I graduated college in 1993. It took me 5 years for my Bachelor’s degree, but I worked during college and had $30k in the bank when I graduated for the down payment on my first home. My wife and I were married in 1994, yes, we’re celebrating our 21st anniversary this year! In 1994, we bought our first house and excited to start our life together in our new home. It was a rental property for the prior 7 years, a true fixer-upper, but it’s all we could afford. I was willing to pour my sweat equity into the property to start building wealth through home ownership vs. making my landlord wealthy.
Thing is, there’s lots more at stake than just a change in status from renter to homeowner. Like so many (if not all!) first-time home buyers, my wife and I had no idea what we were doing. Of course, I can consult with my real estate agent and my mortgage broker. But if there’s one thing I keep hearing from those who’ve forged the path ahead of me, it’s that when you buy a home for the first time, you’re constantly faced with things you didn’t know you didn’t know.
So, I thought I would share my experiences with you and hope this helps prepare you for what lies ahead:
I thought our mortgage loan was approved and ready to go, but at the last minute the originating bank balked at the purchase price of our home—they thought it was too high. This was in 1994 in Silicon Valley—we thought we were getting a bargain! The bank was based somewhere in the Midwest, though. They assigned an assessor to come check it out and fortunately the assessment supported our purchase price. It was a suspenseful few days. I had no idea that if the appraisal came back lower than our purchase price, that the bank would require us to put a higher down payment to cover the difference between the purchase price and the assessed price.
Lesson Learned: Don’t count on your mortgage until it’s signed. And make sure you double-check your property assessment.
Lesson #2: Count your Costs
I might have experienced short-term memory loss during my loan approval process. All the closing costs were a mystery to me, and my loan officer or Realtor had to explain each expense every single time I saw them in updated loan docs. There are the appraisal fees, credit report fees, closing fees, processing fee, underwriting fee, survey fee, homeowners insurance, etc.
Lesson Learned: Go over the closing costs with your real estate agent *LENDER* and take notes on what to expect. You’ll see these costs itemized again and again, so best to get familiar fast.

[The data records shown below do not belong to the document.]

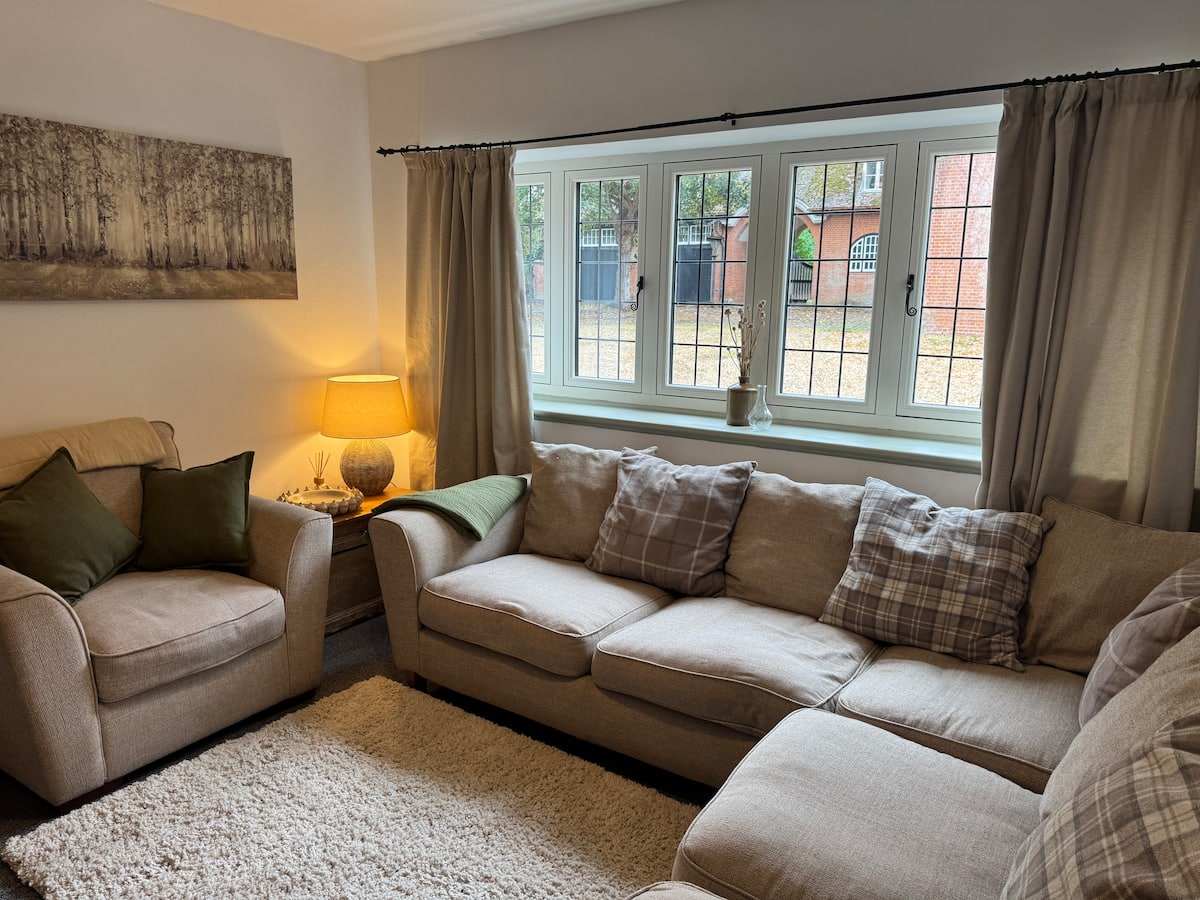 A sitting room with a linen sofa looking onto the courtyard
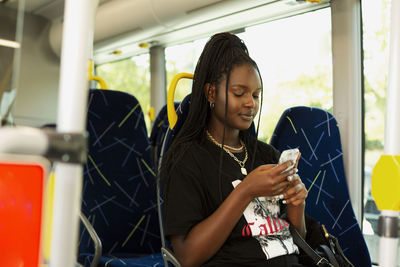 Young woman using cell phone in bus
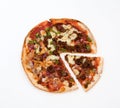 Pizza with slice isolated against white background Royalty Free Stock Photo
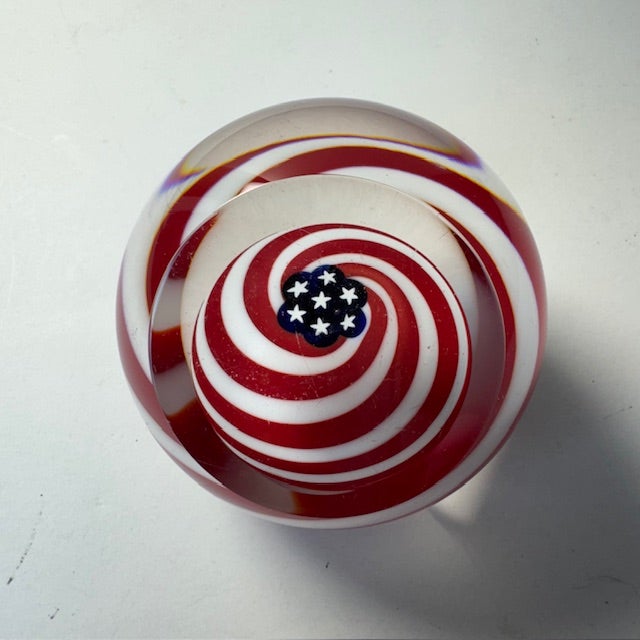Vintage GES Glass Eye Studio “Old Glory” paperweight, featuring a striking red, white, and blue swirl with a central...
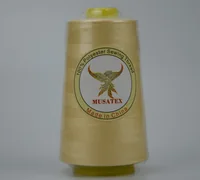 Cream polyester sewing thread cone with MUSATEX phoenix label reading 100% Polyester Sewing Thread, Made in China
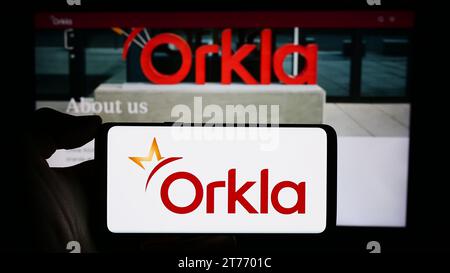 Persona che possiede uno smartphone con il logo della società norvegese Orkla ASA davanti al sito Web. Concentrarsi sul display del telefono. Foto Stock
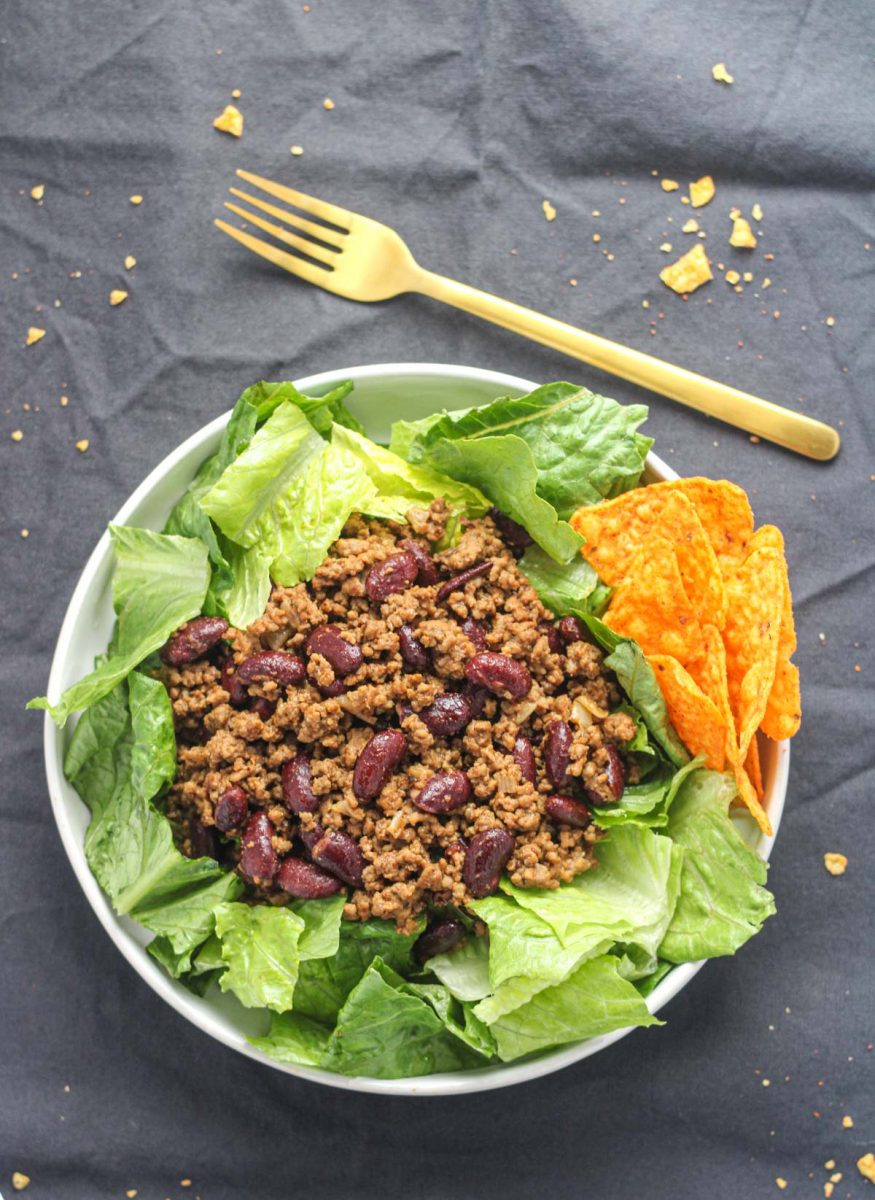 A white plate on top of a grey tablecloth filled with romaine lettuce and ground beef mixture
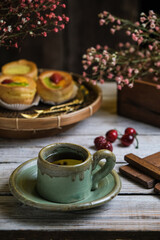 a cup of tea with choux pastry on the table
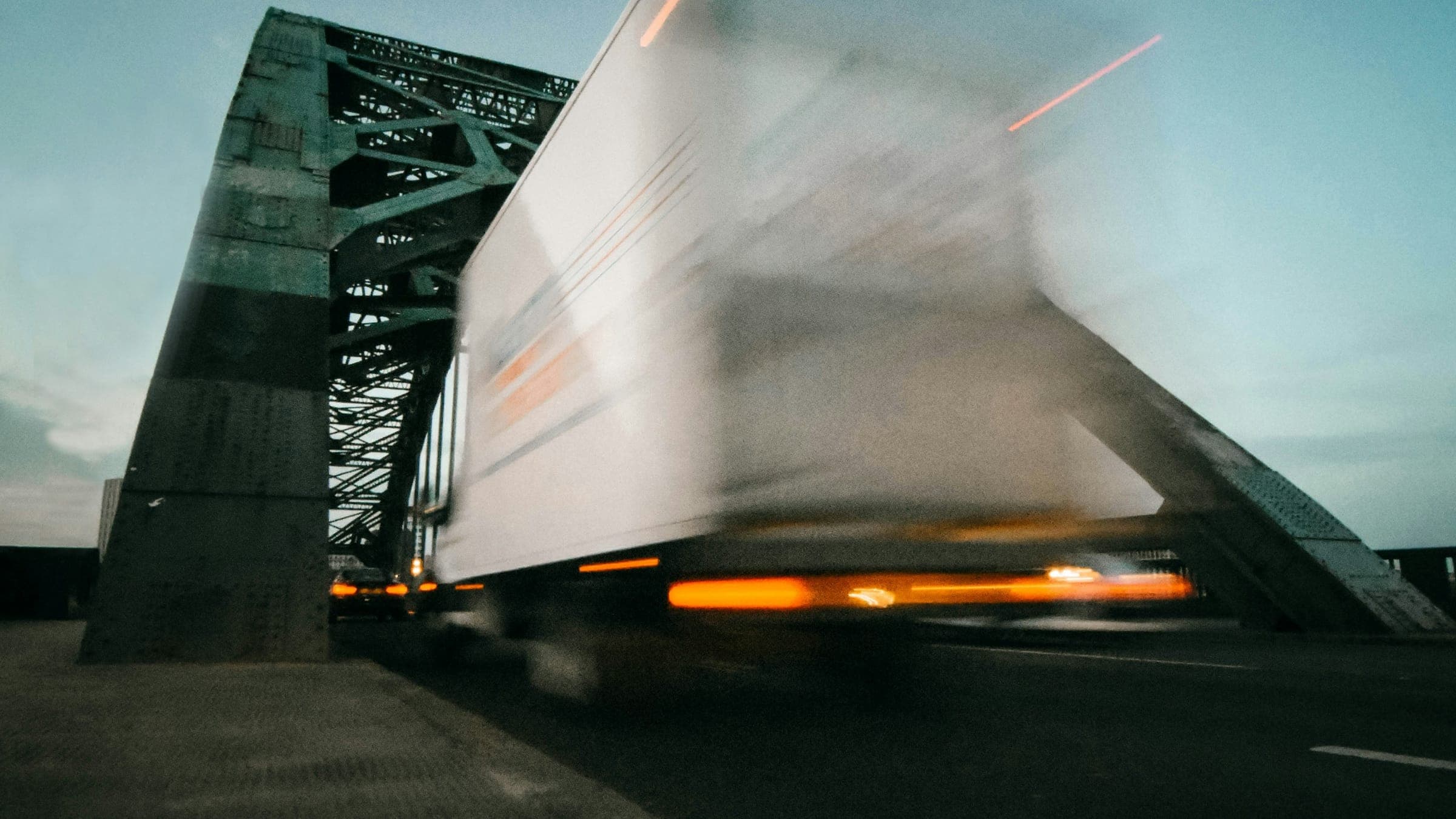 A long-exposure photograph of a tractor-trailer crossing a steel truss bridge at dusk, its lights drawn into streaks.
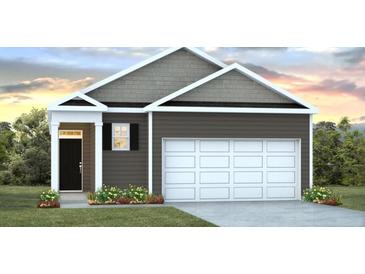 Charming single-story home featuring gray siding, white trim and a spacious two-car garage at 718 Long Bluff Rd, Summerville, SC 29486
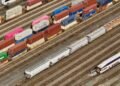 Freight train moving containers through a commercial transit terminal in Turkey logistics hub.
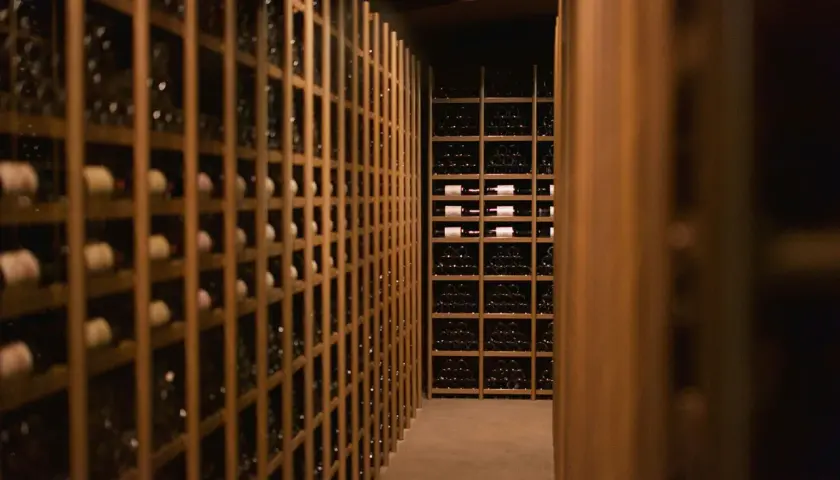Cave à vin sombre remplie de bouteilles. Des étagères en bois alignent les murs, certaines contenant des bouteilles de vin de garde 20 ans.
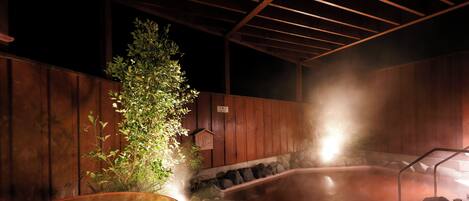 A hot spring bath area with a wooden structure, rocks, and a bamboo bench.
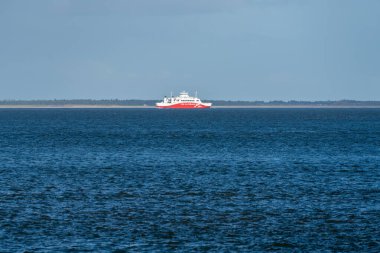 Almanya Sylt 27 Ekim 2025. Bir kırmızı ve beyaz yolcu feribotu uzak bir ada kıyısı yakınlarındaki sakin mavi sularda yol alır. Gemi deniz ve gökyüzü ile keskin bir tezat içinde..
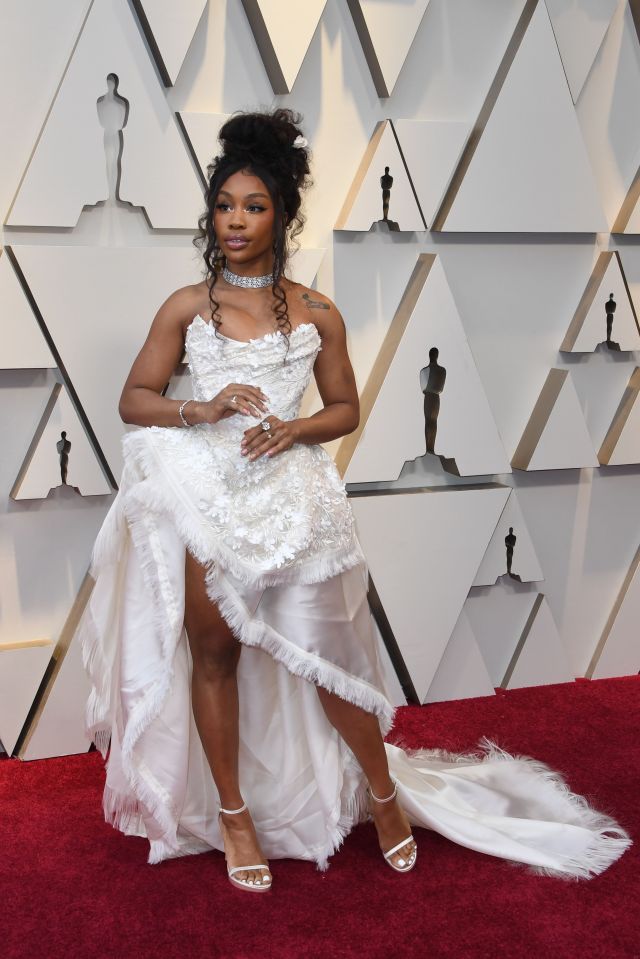  Singer SZA, 28, also went for a sheer skirt and thigh high slit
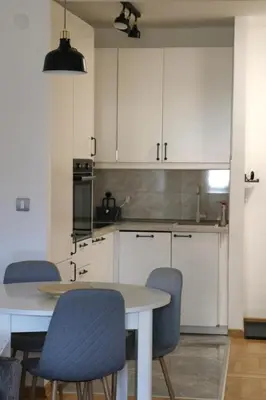 a kitchen with white cabinets and a table and chairs at Dok city apartman in Belgrade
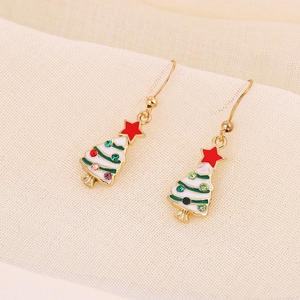 Detail of Christmas tree earrings with white enamel and colorful rhinestones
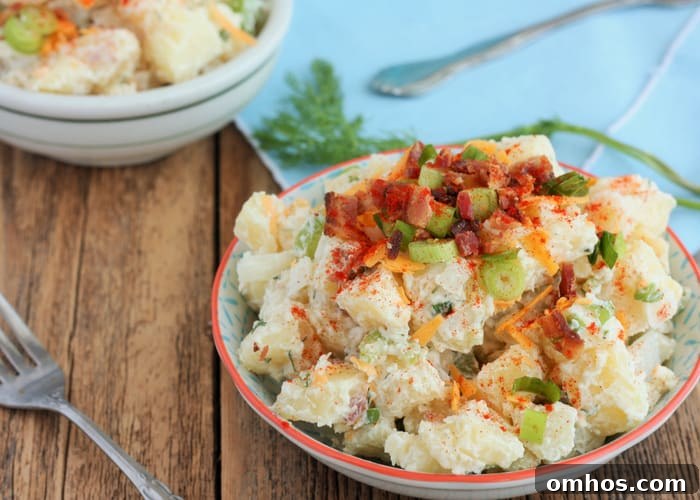 25 Quick Instant Pot Side Dish Recipes for Weeknights 12 Bowl containing potato salad topped with bacon, cheese and scallions, fork on wooden table.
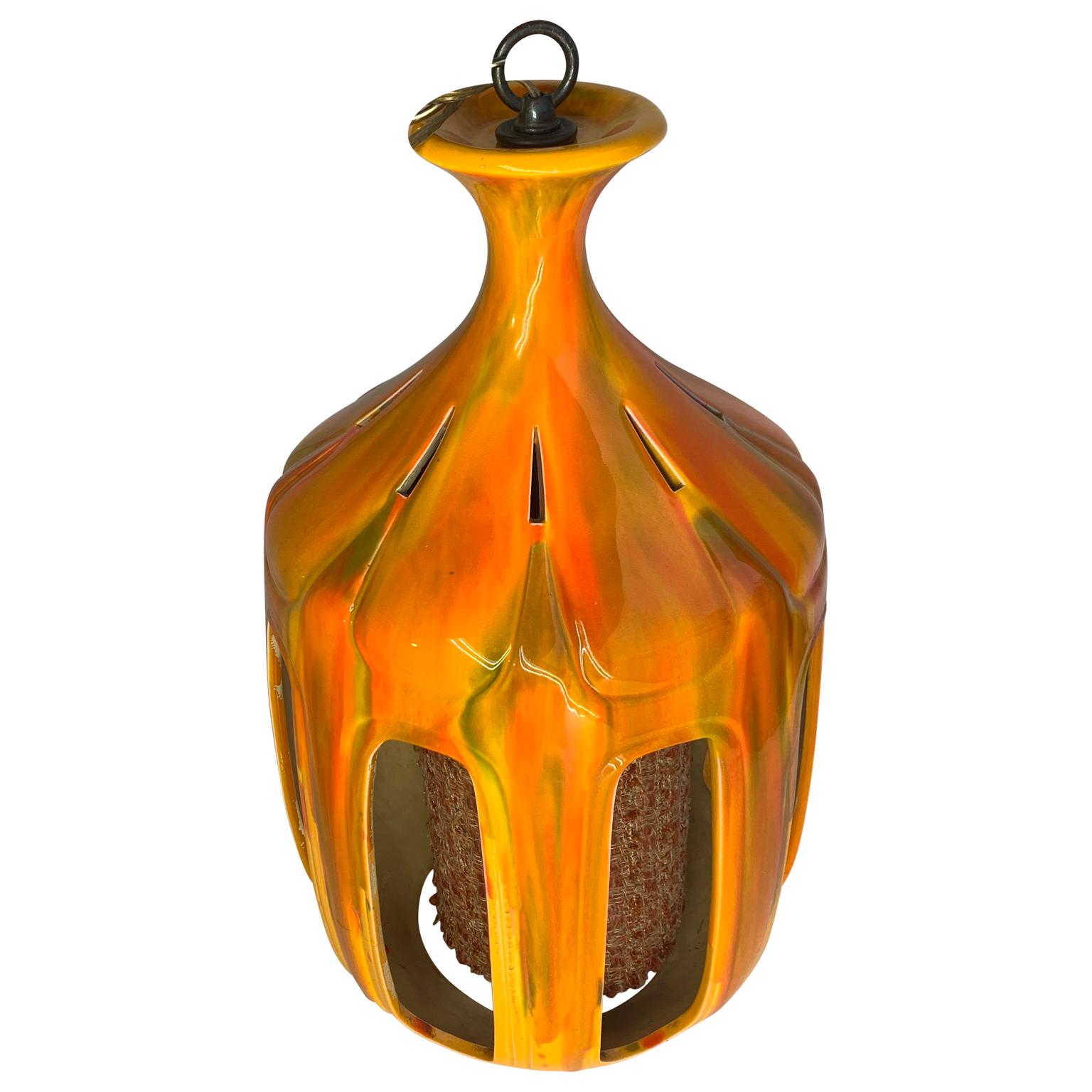 Mid-Century Modern flaming orange ceramic pendant.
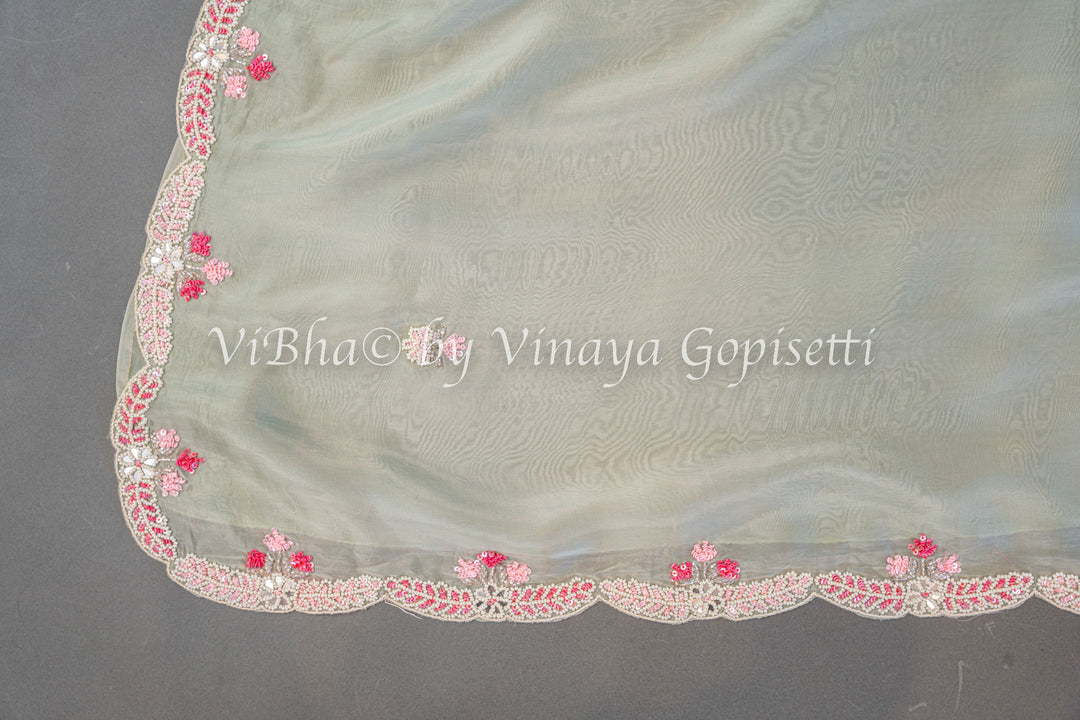 Pastel And Dark Green Soft Organza Embroidered Saree And Blouse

Lesson #3: Budget Time and Money for Repairs
I was surprised and worried about the problems that the home inspector found. How serious are termites? How about mold? In 2 of the 3 bedrooms, there was evidence of mold on the walls/paint. Can these things be fixed and will the house be safe? Or will we regret buying a house with possible structural and health-related issues? And how much money will it cost for us to do roof repairs ourselves when the seller is selling “as-is” and it’s a competitive market where we lost out on two previous houses we bid on? Related question: How long could we put off doing roof repairs, since we were raiding our savings to fund the down payment for the house?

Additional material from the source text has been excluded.